Torque ripple attenuation of PMSM using improved robust two-degree-of-freedom controller via extended sliding mode parameter observer

Abstract

Torque ripple caused by flux harmonics, nonlinearity of inverter and current measurements decreases the accuracy of the servo control system, which limits the application of permanent magnet synchronous motor (PMSM) with high precision requirement.

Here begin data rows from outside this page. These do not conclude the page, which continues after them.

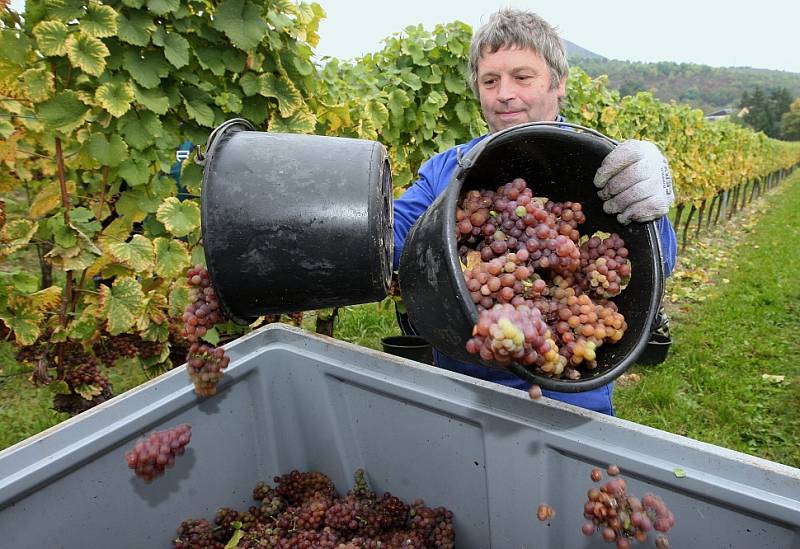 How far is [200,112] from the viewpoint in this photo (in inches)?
79.5

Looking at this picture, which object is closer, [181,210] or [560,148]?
[560,148]

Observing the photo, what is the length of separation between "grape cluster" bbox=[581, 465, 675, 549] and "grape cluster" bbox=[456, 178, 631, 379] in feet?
0.75

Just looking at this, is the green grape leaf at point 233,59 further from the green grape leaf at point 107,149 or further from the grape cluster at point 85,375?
the grape cluster at point 85,375

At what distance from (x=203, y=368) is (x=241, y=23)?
4.40ft

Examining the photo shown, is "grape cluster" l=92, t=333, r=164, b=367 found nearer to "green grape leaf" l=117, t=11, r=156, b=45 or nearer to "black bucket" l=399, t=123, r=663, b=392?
"green grape leaf" l=117, t=11, r=156, b=45

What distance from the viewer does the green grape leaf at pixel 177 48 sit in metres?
1.88

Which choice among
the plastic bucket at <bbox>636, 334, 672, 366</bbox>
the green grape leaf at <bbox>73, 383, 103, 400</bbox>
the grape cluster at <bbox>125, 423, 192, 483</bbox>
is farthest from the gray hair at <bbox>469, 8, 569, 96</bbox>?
the plastic bucket at <bbox>636, 334, 672, 366</bbox>

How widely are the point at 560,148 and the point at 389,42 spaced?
2.68 m

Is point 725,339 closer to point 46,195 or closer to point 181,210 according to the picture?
point 181,210

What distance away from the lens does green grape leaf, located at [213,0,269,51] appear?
1940 millimetres

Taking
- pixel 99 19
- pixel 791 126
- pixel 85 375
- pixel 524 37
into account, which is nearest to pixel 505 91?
pixel 524 37

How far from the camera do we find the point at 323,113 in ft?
8.34

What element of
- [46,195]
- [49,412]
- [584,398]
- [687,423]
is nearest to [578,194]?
[584,398]

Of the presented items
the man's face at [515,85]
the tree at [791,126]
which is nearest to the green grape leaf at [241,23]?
the man's face at [515,85]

To reduce torque ripple, this paper proposes an improved robust two-degree-of-freedom controller (IR-2DOFC) based on an extended sliding-mode parameter observer (ESMPO) for a PMSM. The IR-2DOFC is constructed around the 2DOFC with iterative learning control (ILC) and a series-connecting structure, which not only suppresses unmodeled disturbances and periodic components, but also attenuates the negative impact of ILC on the dynamic response. Meanwhile, to improve the robust stability of the IR-2DOFC, ESMPO identifies the mechanical parameters so that they can be employed to further establish the IR-2DOFC parameters. Additionally, the observed disturbances can be regarded as a feed-forward compensation component to the IR-2DOFC, which enhances the disturbance-rejection performance. Simulations and experiments show that the IR-2DOFC with ESMPO has an improved dynamic response performance, which exhibits better robustness with respect to internal and external load disturbances and harmonics torque compared with proportional–integral (PI) and PI-ILC controllers.